Fed Dragon Strikes Again
Dallas, Texas

By Mark Jackson
American entrepreneurial spirit was delt another blow Monday when Washington, D.C. federal claims judge Robert H. Hodges Jr. issued a devastating decision in Landmark Land Co. Inc. vs. United States ("Landmark") that will rob hundreds of investors of more than $50 billion. Allowing a judge to make the decision instead of the Constitutionally-prescribed jury, the plaintiffs opened the door to the proverbial hen house and gave a spare set of keys to the fox.
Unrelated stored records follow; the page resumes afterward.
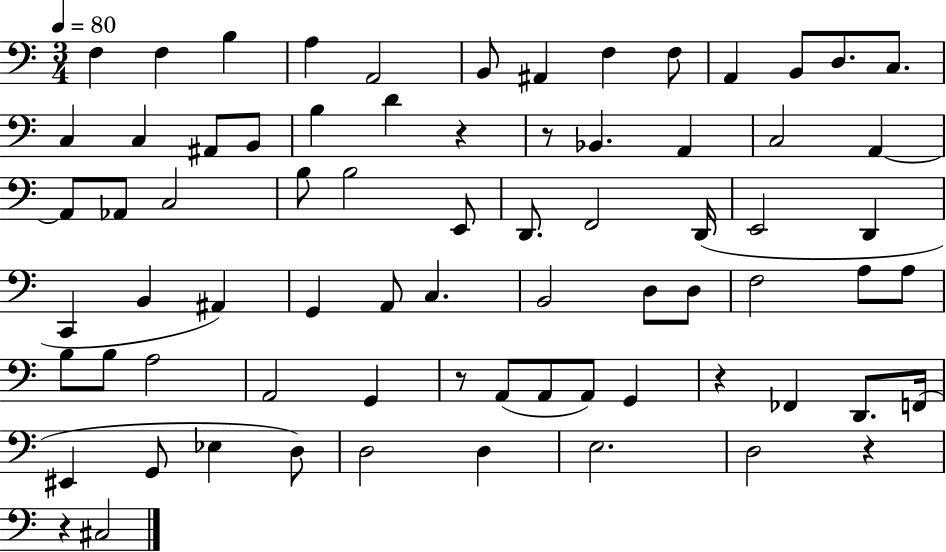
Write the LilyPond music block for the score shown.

{
  \clef bass
  \numericTimeSignature
  \time 3/4
  \key c \major
  \tempo 4 = 80
  f4 f4 b4 | a4 a,2 | b,8 ais,4 f4 f8 | a,4 b,8 d8. c8. | \break c4 c4 ais,8 b,8 | b4 d'4 r4 | r8 bes,4. a,4 | c2 a,4~~ | \break a,8 aes,8 c2 | b8 b2 e,8 | d,8. f,2 d,16( | e,2 d,4 | \break c,4 b,4 ais,4) | g,4 a,8 c4. | b,2 d8 d8 | f2 a8 a8 | \break b8 b8 a2 | a,2 g,4 | r8 a,8( a,8 a,8) g,4 | r4 fes,4 d,8. f,16( | \break eis,4 g,8 ees4 d8) | d2 d4 | e2. | d2 r4 | \break r4 cis2 | \bar "|."
}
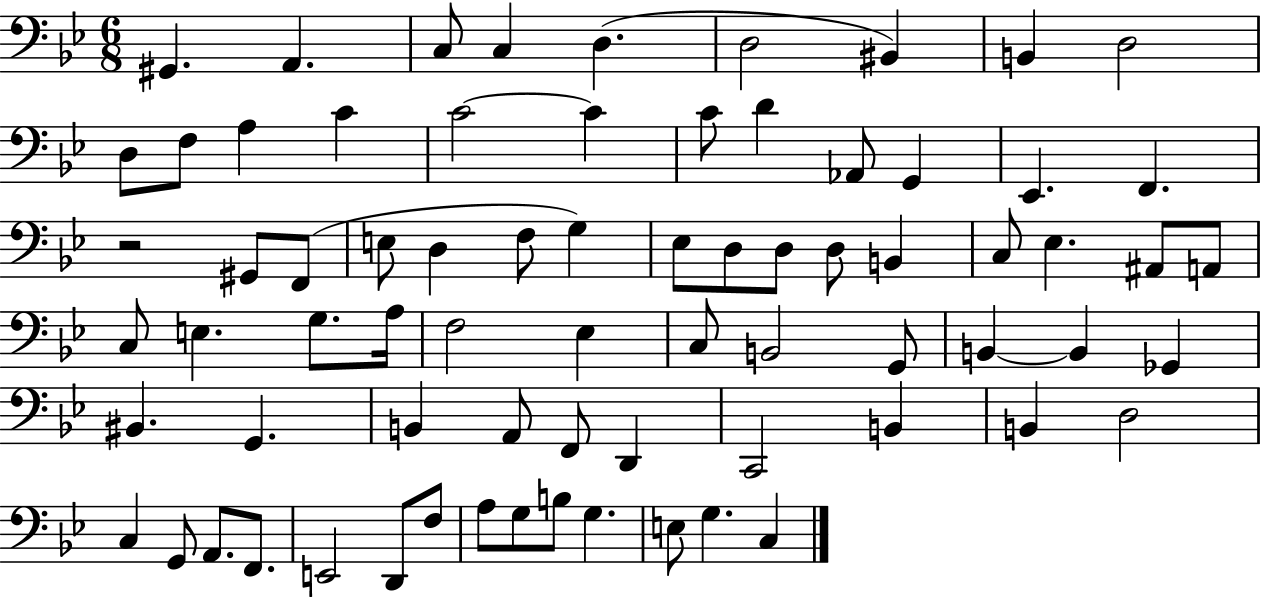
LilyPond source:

{
  \clef bass
  \numericTimeSignature
  \time 6/8
  \key bes \major
  gis,4. a,4. | c8 c4 d4.( | d2 bis,4) | b,4 d2 | \break d8 f8 a4 c'4 | c'2~~ c'4 | c'8 d'4 aes,8 g,4 | ees,4. f,4. | \break r2 gis,8 f,8( | e8 d4 f8 g4) | ees8 d8 d8 d8 b,4 | c8 ees4. ais,8 a,8 | \break c8 e4. g8. a16 | f2 ees4 | c8 b,2 g,8 | b,4~~ b,4 ges,4 | \break bis,4. g,4. | b,4 a,8 f,8 d,4 | c,2 b,4 | b,4 d2 | \break c4 g,8 a,8. f,8. | e,2 d,8 f8 | a8 g8 b8 g4. | e8 g4. c4 | \break \bar "|."
}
As probably the most visible of all the "Winstar" lawsuits brought by former Savings & Loan industry owners, the Landmark case creates a bleak outlook for the 100+ pending lawsuits in which thrifts and investors allege the Fed breached contracts it entered into in the 1980s. Bolstering the Winstar cases is the 1996 decision by the Supreme Court which stated that the government did breach its contracts with financial institutions when it enacted the Financial Institutions Reform, Recovery and Enforcement Act (FIRREA). Among other restrictions, FIRREA imposed unattainable net worth requirements on thrifts, while imposing no such limits on Federal Reserve banks.

At the center of the allegations is the Federal Savings and Loan Insurance Corporation (FSLIC), a privately-held company which, working under guise as an arm of the Federal government, confiscated S&L properties, sold them for profit, then charged billions of dollars in fees to the U.S. taxpayer via its government contract. The FSLIC, itself, then acheived "insolvency" status in 1992 and was thereby able to obtain billions of additional dollars in government loans, which have yet to be paid back.

The breach with Landmark arose from a 1982 contract in which Landmark,a real estate development company specializing in golf
courses, residential and resort development, put up cash and real property totaling approximately $21 million in order to purchase from the FSLIC two failing thrifts: Dixie Federal Savings and Loan and Loan Association, and Heritage Federal Savings and Loan Association, which were merged under the name of Dixie. Per the agreement, Landmark, like other thrift investors, was to receive favorable accounting treatment for capital and other properties. Relying upon the FDIC to honor the contract, Landmark then transferred to Dixie, in 1983, all of its remaining assets, which were held in its subsidiary. In 1986, Dixie increased its investment by transferring real estate and other assets to acquire St. Bernard Federal Savings and Loan Association. The assets of both Dixie and St. Bernard were then rolled into Oak Tree Savings Bank, which was forced to close its doors in 1992.

Monday's outcome stands in stark contrast to a 1999 Winstar decision which awarded $909 million to Glendale Federal Bank of California. That decision gave hope to the investors, as well as many U.S citizens, that perhaps the FSLIC may finally be forced to return the estimated $480 billion it bilked from tax payors and investors in the 1980s. However, with judge Hodges' decision, Landmark was only allowed to recover $21 million of the $750 million in damages, that $21 million representing only the cash and real estate Landmark put forth in order to acquire Dixie. Furthermore, the judge awarded $17.7 million to the Federal Deposit Insurance Corporation, another private company affiliated with the Federal Reserve Bank, for money contributed to St Bernard in 1986 to keep the thrift from failing. Thus, the Fed came out the winner by a multi-billion dollar landslide, while investors and tax payors got soaked.